Now, I'm not saying this guy is wrong, as I don't know enough to say he is or isn't. But I do know what ALD has distributed over the past 15 years...and despite the difficulty in analyzing operations, the giveaway is the tax character of the distributions....all ordinary income. Company management may fool regulators and investors for relatvely short periods (witness Enron), but they simply cannot sustain it, as eventually the concocted structure would simply fall apart...unless...I suppose...they had a money machine and could print the stuff.
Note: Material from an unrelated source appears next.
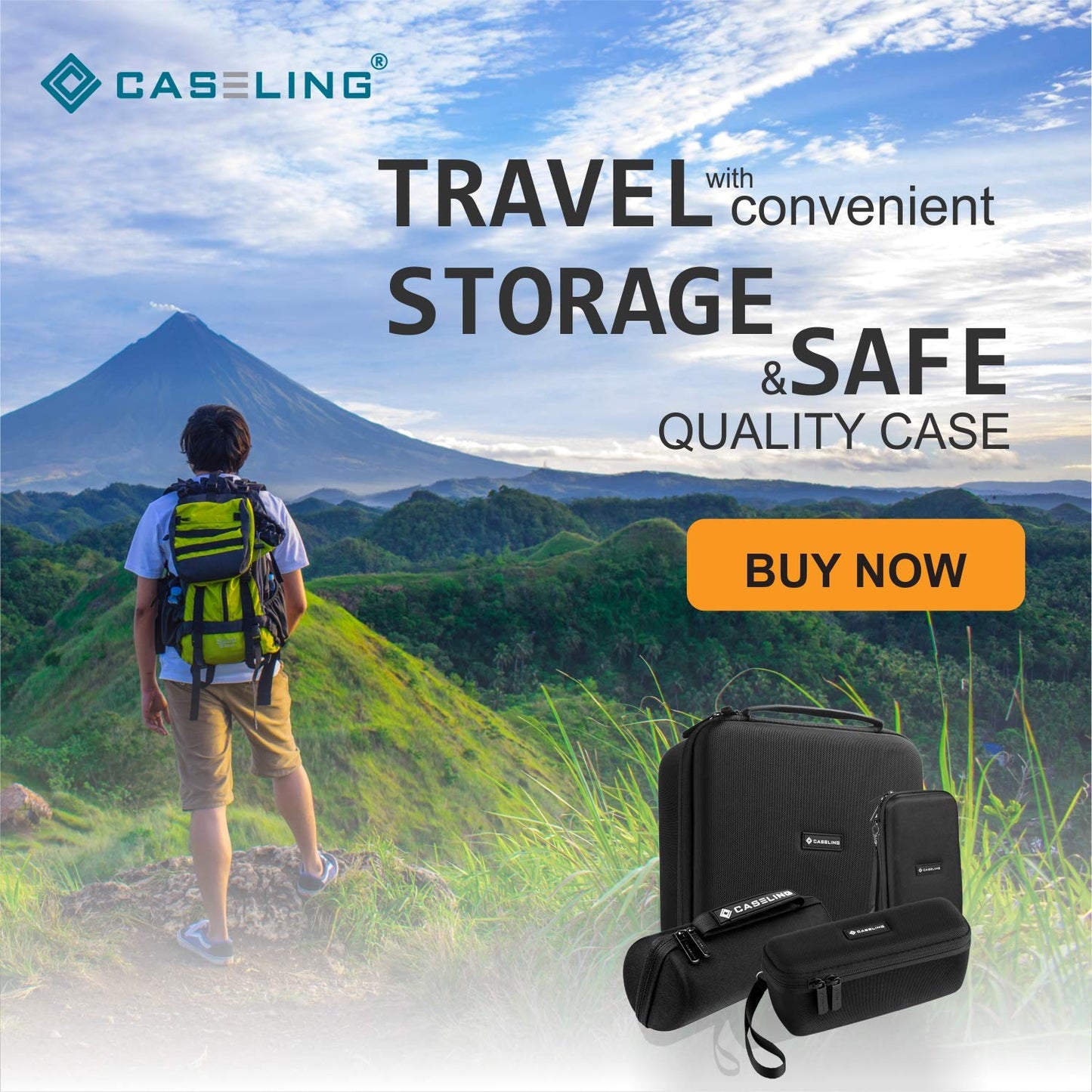 Carcasa Rígida Caseling Negra Compatible con Cargador Portátil Anker PowerCore 26800 para Viajes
ACAS went through this not too long ago with an article printed in the WSJ on inflated valuation of their loans and 4 or so years ago, a similar accusation was made public by the owner of thestreet.com (as I recall) that also proved to be meritless. A couple of weeks ago, another thestreet.com writer wrote this
http://www.thestreet.com/story/10418331/1/valuations-haunt-american-capital.html
But if you read through it, the author only mentions 2 of the ACAS 170 or so holdings. And because ACAS holds its loans to maturity, there really isn't a secondary market for them, as would be the case for publicly traded banks or brokerages holding CFO's or CMO's, thus I'm not sure what value there would be in marking their loans to market anyway. And shouldn't this writer disclose any short-position he may be holding?
Having said that, ACAS and ALD, with their hidden private company investments, do cause me a bit of heart burn, and I do definitely keep them in my 'high risk' group.